Segment Start: Records for processing
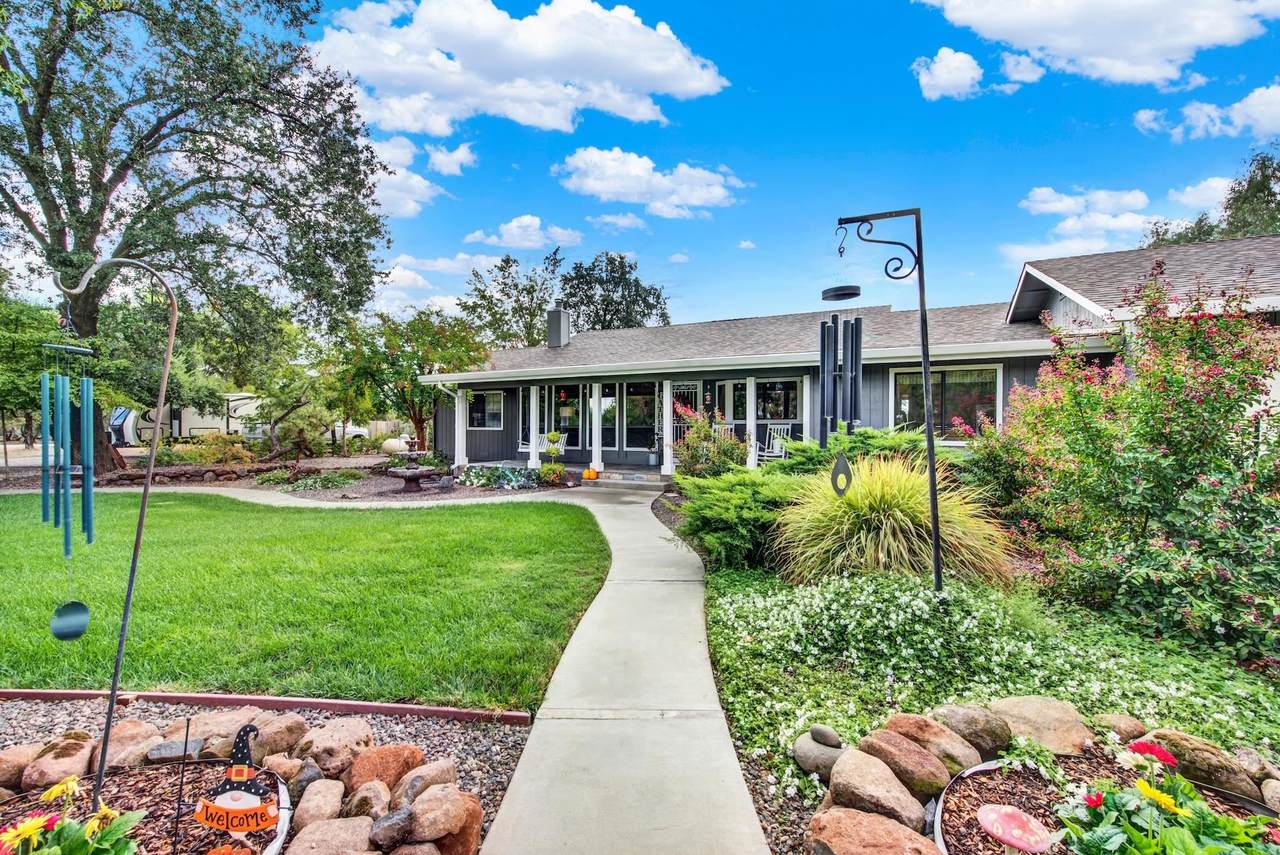 25050 Massachusetts Avenue - Photo 1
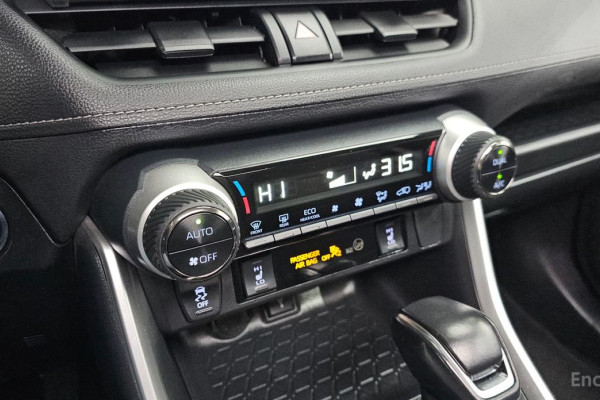 2020 Toyota RAV4 с пробегом 53 475 км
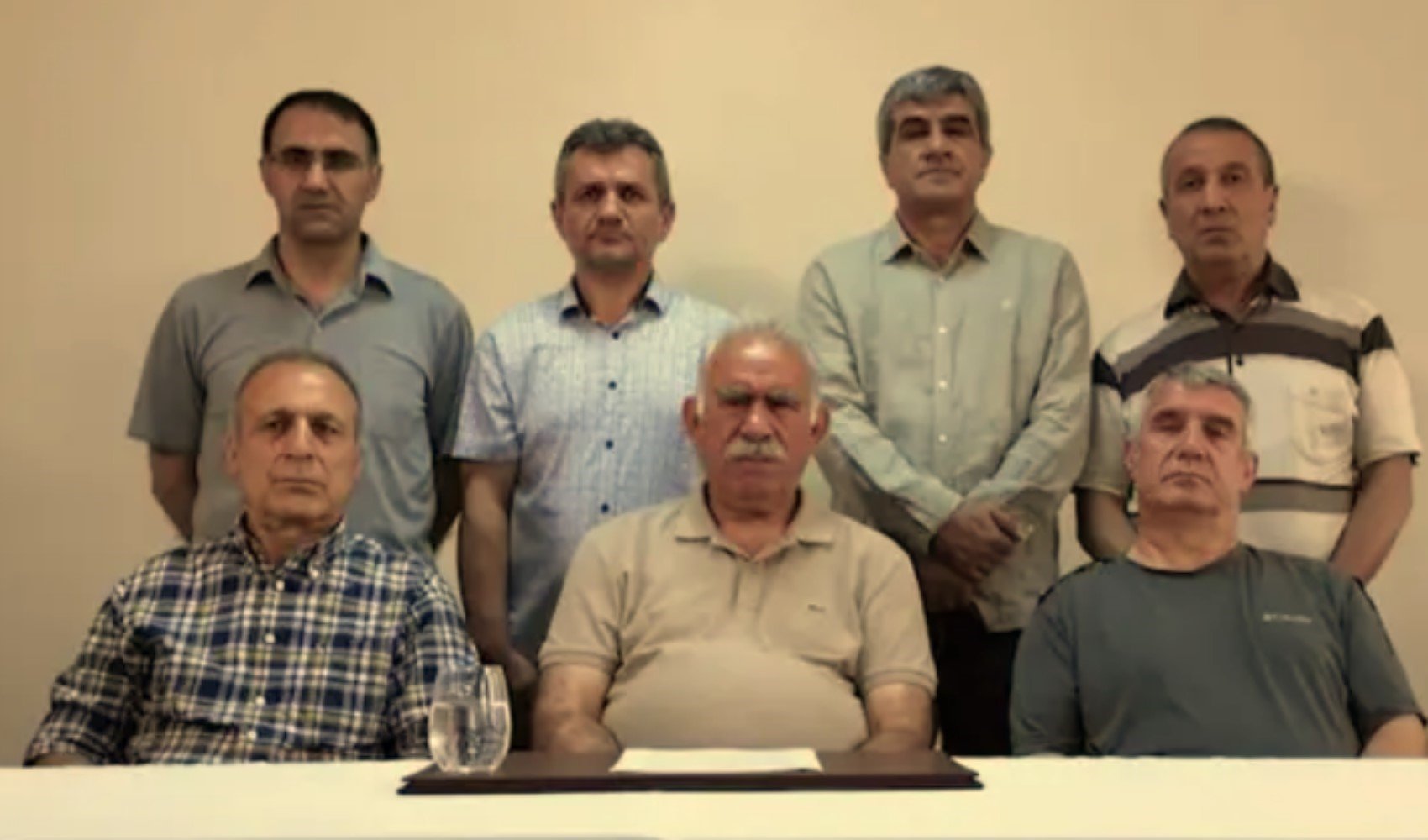 PKK elebaşı Öcalan'ın solunda oturuyordu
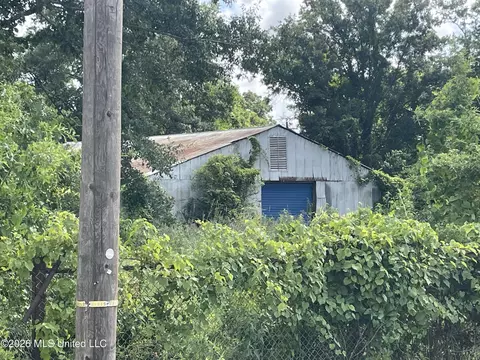 206 Enterprise St, Brookhaven, MS 39601 photo 5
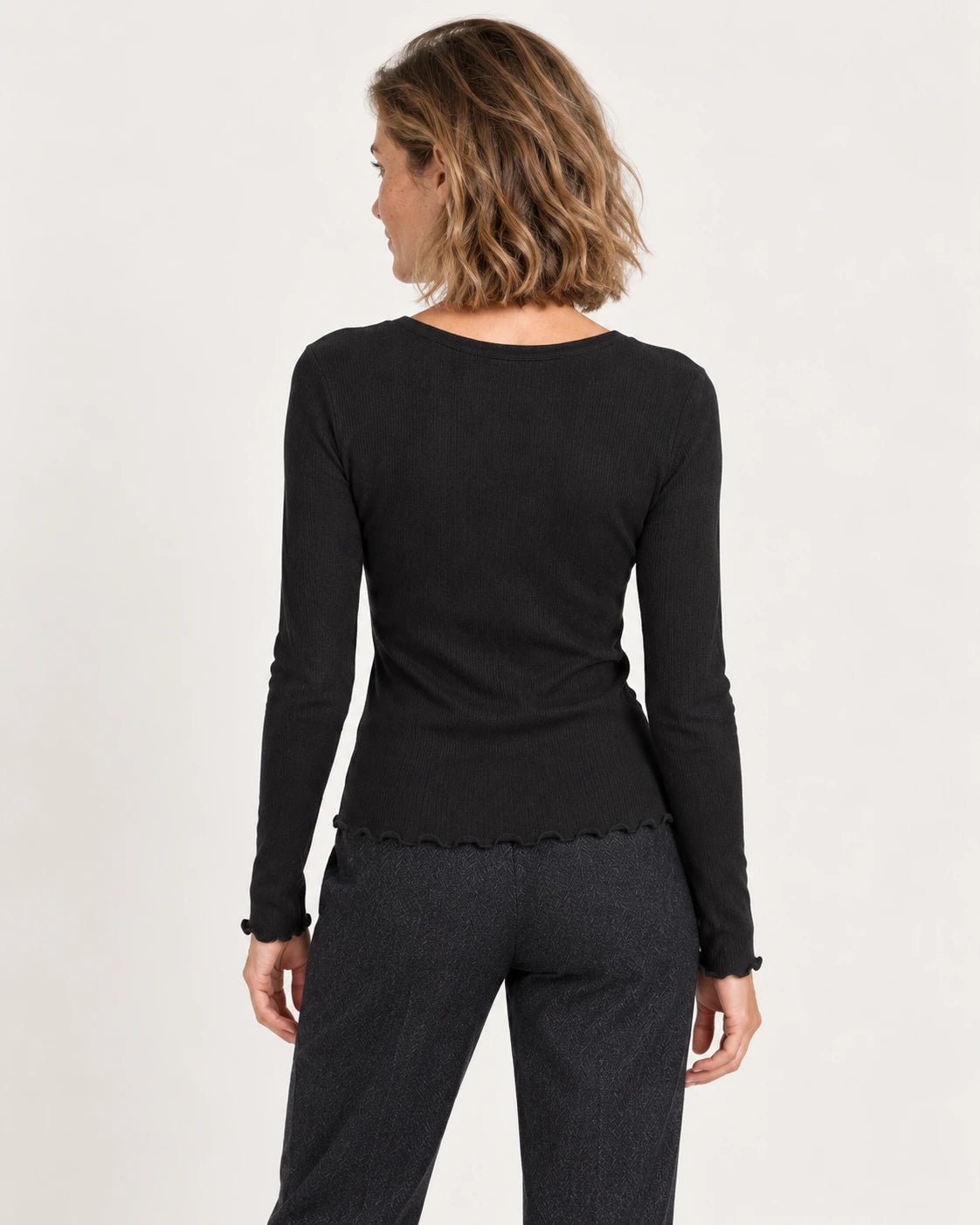 Maglia girocollo nero, vista posteriore - MADAME VENICE - FW25 - MAURA - COSTINA #Colore_Black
Segment End: Records for processing
Exercise: Print every line above exactly. Leave the pictures out.

Answer to the problem:
 25050 Massachusetts Avenue - Photo 1
 2020 Toyota RAV4 с пробегом 53 475 км
 PKK elebaşı Öcalan'ın solunda oturuyordu
 206 Enterprise St, Brookhaven, MS 39601 photo 5
 Maglia girocollo nero, vista posteriore - MADAME VENICE - FW25 - MAURA - COSTINA #Colore_Black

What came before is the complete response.